Short descriptive text snippets:
□ □ □ □

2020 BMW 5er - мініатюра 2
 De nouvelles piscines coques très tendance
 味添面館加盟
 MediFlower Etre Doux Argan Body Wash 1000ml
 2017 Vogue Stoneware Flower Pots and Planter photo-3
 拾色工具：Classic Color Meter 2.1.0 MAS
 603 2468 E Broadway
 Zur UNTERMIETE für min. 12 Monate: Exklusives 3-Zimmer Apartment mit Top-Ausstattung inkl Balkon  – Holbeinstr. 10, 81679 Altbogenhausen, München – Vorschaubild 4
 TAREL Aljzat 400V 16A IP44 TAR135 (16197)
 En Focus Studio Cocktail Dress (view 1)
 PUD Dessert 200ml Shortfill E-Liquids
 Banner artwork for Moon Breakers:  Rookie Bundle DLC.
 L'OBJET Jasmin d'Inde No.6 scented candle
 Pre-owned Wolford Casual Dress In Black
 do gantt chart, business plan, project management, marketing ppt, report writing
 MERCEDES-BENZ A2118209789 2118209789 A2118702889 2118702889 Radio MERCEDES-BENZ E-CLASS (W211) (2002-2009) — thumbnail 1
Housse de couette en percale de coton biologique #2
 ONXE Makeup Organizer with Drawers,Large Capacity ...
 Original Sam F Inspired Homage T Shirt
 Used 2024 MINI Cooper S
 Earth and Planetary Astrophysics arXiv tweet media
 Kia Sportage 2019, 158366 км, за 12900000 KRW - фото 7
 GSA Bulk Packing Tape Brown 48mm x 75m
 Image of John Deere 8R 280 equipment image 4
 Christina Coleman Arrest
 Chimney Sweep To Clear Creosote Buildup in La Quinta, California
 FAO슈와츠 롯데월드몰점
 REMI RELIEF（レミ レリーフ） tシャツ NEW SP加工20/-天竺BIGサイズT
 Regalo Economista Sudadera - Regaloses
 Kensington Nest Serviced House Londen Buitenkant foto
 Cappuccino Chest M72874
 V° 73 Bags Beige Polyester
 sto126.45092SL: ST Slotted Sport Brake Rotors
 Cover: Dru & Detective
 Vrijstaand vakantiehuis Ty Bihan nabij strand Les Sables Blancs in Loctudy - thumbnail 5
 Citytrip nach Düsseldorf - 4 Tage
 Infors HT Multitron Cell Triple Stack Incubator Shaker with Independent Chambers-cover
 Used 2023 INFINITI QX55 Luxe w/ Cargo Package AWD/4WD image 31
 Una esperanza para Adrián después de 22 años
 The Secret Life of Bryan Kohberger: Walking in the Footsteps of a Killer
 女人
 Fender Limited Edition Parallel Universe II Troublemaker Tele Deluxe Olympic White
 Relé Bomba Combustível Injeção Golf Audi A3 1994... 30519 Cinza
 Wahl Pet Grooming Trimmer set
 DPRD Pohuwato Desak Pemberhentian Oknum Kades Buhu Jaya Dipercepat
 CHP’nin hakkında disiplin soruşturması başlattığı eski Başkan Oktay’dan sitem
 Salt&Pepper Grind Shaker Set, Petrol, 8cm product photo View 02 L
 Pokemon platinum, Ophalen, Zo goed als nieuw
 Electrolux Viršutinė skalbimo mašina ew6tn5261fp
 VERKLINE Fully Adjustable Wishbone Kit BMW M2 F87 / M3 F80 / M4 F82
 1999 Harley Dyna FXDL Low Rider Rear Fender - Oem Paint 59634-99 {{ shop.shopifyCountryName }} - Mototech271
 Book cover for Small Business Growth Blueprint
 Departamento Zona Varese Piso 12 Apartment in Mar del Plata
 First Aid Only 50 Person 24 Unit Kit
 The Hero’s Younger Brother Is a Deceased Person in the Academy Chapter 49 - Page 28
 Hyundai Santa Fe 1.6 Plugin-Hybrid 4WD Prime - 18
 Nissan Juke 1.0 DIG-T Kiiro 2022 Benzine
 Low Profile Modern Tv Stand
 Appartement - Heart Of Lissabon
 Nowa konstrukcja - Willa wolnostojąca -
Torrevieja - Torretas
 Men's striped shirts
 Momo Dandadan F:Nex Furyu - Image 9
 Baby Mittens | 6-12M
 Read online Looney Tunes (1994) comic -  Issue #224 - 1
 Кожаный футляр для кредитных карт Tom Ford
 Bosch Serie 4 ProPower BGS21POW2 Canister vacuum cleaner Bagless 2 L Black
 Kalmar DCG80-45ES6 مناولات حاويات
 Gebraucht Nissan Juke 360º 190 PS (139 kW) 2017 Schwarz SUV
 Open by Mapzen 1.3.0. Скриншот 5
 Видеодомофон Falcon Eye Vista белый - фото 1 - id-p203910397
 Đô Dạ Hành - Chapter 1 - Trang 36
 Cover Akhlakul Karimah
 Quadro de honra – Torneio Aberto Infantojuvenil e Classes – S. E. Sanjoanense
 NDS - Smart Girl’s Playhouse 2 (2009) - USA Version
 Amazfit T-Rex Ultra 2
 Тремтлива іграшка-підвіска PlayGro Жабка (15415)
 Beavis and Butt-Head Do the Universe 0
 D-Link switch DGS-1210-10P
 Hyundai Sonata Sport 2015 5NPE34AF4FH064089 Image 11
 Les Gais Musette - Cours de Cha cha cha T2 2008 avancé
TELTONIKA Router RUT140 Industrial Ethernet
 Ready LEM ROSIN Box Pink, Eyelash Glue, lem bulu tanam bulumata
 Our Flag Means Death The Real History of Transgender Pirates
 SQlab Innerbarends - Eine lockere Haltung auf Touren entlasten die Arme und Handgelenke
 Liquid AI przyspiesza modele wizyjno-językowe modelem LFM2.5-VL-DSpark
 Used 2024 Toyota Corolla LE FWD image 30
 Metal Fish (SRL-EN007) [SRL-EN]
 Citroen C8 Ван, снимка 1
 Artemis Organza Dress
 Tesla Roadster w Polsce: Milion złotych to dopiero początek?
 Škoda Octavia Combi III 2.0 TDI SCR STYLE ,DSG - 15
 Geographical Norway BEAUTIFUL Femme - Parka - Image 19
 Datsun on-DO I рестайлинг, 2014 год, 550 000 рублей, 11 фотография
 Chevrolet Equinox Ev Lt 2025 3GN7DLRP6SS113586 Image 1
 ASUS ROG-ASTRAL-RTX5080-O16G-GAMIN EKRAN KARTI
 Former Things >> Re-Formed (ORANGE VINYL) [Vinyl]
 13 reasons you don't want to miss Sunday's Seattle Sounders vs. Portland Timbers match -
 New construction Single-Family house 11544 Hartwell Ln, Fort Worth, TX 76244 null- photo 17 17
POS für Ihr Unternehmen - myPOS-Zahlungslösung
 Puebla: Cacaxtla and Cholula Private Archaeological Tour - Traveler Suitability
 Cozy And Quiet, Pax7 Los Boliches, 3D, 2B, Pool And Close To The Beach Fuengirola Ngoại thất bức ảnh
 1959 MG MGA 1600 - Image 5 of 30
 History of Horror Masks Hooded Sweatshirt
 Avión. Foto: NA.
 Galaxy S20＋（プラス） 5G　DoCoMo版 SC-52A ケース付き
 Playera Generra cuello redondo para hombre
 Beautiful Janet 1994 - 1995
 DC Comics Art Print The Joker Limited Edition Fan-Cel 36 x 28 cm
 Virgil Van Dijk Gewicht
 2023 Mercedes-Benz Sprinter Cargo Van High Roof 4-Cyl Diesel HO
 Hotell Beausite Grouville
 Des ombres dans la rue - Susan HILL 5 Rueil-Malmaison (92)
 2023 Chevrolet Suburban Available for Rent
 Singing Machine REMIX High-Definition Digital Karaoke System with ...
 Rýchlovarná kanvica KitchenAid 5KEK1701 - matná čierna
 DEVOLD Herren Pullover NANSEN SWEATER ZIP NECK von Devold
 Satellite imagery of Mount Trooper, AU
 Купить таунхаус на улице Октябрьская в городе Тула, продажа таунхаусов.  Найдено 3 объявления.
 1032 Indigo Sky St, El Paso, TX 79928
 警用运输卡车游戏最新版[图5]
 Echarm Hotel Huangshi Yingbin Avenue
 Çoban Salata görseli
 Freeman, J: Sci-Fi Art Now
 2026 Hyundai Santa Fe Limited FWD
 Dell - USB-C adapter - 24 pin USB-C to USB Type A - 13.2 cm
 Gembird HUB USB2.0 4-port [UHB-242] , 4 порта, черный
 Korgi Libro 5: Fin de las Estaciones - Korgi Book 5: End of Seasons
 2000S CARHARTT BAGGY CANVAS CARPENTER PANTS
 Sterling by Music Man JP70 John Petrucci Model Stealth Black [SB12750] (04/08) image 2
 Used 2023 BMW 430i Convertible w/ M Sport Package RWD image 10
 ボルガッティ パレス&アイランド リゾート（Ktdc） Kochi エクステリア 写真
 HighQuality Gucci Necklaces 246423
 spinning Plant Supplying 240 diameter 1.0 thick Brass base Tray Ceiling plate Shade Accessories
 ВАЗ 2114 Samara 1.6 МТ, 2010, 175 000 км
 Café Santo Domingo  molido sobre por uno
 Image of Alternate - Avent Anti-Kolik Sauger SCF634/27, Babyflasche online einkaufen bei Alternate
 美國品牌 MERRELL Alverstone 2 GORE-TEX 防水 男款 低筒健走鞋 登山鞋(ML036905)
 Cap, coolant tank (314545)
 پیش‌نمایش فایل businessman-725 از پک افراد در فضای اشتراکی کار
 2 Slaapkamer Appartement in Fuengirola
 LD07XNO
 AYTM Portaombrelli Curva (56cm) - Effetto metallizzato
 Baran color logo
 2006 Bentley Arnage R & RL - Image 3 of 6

□ □ □ □

- _Your instructions_:
Your response should hold only an exact copy of the lines above, from the one containing "Gembird HUB USB2.0" through the end of the entries.

- _Answer to this exercise_:
 Gembird HUB USB2.0 4-port [UHB-242] , 4 порта, черный
 Korgi Libro 5: Fin de las Estaciones - Korgi Book 5: End of Seasons
 2000S CARHARTT BAGGY CANVAS CARPENTER PANTS
 Sterling by Music Man JP70 John Petrucci Model Stealth Black [SB12750] (04/08) image 2
 Used 2023 BMW 430i Convertible w/ M Sport Package RWD image 10
 ボルガッティ パレス&アイランド リゾート（Ktdc） Kochi エクステリア 写真
 HighQuality Gucci Necklaces 246423
 spinning Plant Supplying 240 diameter 1.0 thick Brass base Tray Ceiling plate Shade Accessories
 ВАЗ 2114 Samara 1.6 МТ, 2010, 175 000 км
 Café Santo Domingo  molido sobre por uno
 Image of Alternate - Avent Anti-Kolik Sauger SCF634/27, Babyflasche online einkaufen bei Alternate
 美國品牌 MERRELL Alverstone 2 GORE-TEX 防水 男款 低筒健走鞋 登山鞋(ML036905)
 Cap, coolant tank (314545)
 پیش‌نمایش فایل businessman-725 از پک افراد در فضای اشتراکی کار
 2 Slaapkamer Appartement in Fuengirola
 LD07XNO
 AYTM Portaombrelli Curva (56cm) - Effetto metallizzato
 Baran color logo
 2006 Bentley Arnage R & RL - Image 3 of 6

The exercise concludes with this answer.